OLÍVIO: Mandatos de parlamentares passaram a ser instâncias partidárias (...) Um gabinete tem um aumento enorme, que suplanta instâncias partidárias. O partido não acompanhou bem a institucionalidade. Nenhuma denúncia, por mais estapafúrdia que for, pode deixar se ser clareada. O PT tem que se extirpar de condutas que não têm a ver com sua história. Está certo o presidente Lula que dizia que tinha que cortar na própria carne. Isso está ocorrendo. Mas poderia ter reação mais rápida.

Mas o senhor acredita que o PT vai se recuperar da crise?

OLÍVIO: Claro. Debaixo do borralho, da cinza, tem o "brasedo". Tem muita brasa no borralho. As cinzas não apagam a chama do nosso partido.

O senhor foi muito criticado por ter afirmado que a crise era conseqüência das más companhias...

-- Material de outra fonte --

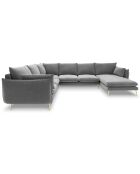 Canapé d'angle gauche panoramique Elio 7 places gris clair - 337x244x95 cm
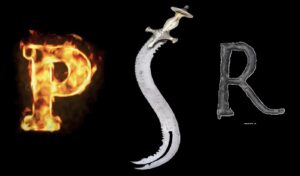 Letters P, S, R on a black background. P is flaming, S is a curved zulfikar sword, R is chiselled rock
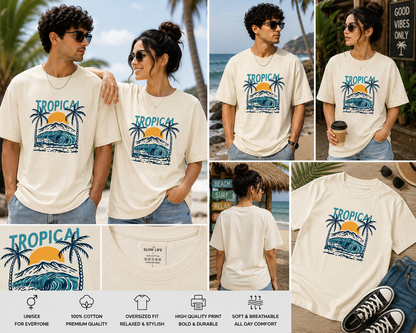 Tropical Paradise Oversized Unisex T-Shirt – Beach Wave Graphic Tee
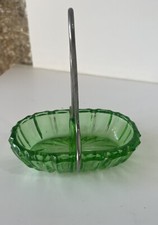 ANCIENNE SALIERE POIVRIERE SEL POIVRE  VERRE MOULÉ VERT CUISINE COLLECTION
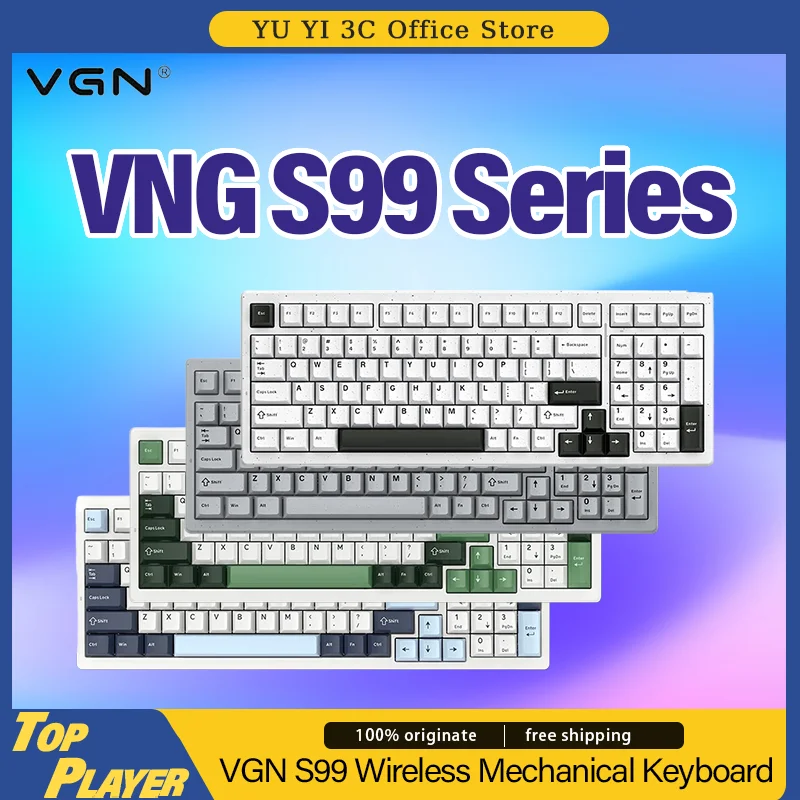 

Механическая клавиатура VGN S99, 2,4 ГГц, BT, три режима, беспроводной переключатель с возможностью замены на заказ, динамическая RGB подсветка, 99 клавиш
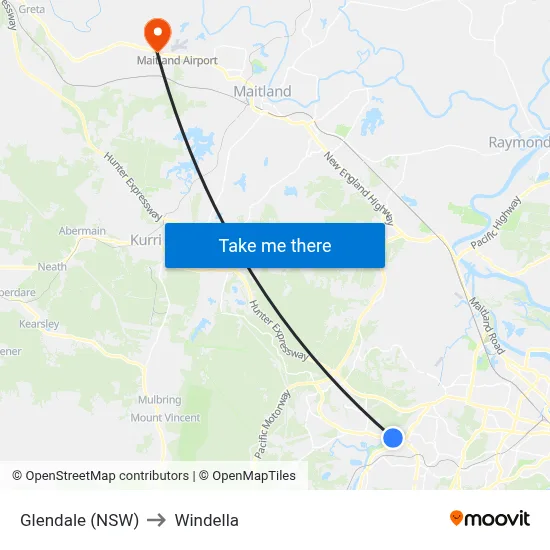 Glendale (NSW) to Windella map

OLÍVIO: Aceitamos no partido comportamentos inadequados e aí demos razão ao que chamo de venalidade. Faltou precisar os termos de um relacionamento que garantisse a governabilidade. Mas tem que se lembrar que a corrupção neste país tem séculos. Claro que o nosso governo contraria o pensamento conservador e de direita. Nunca viram bem o crescimento de uma proposta como a do PT.

O senhor é favorável à manutenção da eleição do PT em setembro?

OLÍVIO: É muito oportuno, mas não pode ser um acerto de conta de correntes diferenciadas. Elas têm que ter o entendimento de que é um momento importante para fazer uma boa renovação na direção do partido, de baixo para cima.

O que acha do desempenho do governo, principalmente na economia?

OLÍVIO: O governo Lula tem avanços significativos, e na economia do país. Mas temos que debater. O partido cometeu um equívoco de não fazer o bom debate interno da política econômica do governo. Não elegemos maioria (no Congresso). Deveríamos ter trabalhado a maioria pontualmente.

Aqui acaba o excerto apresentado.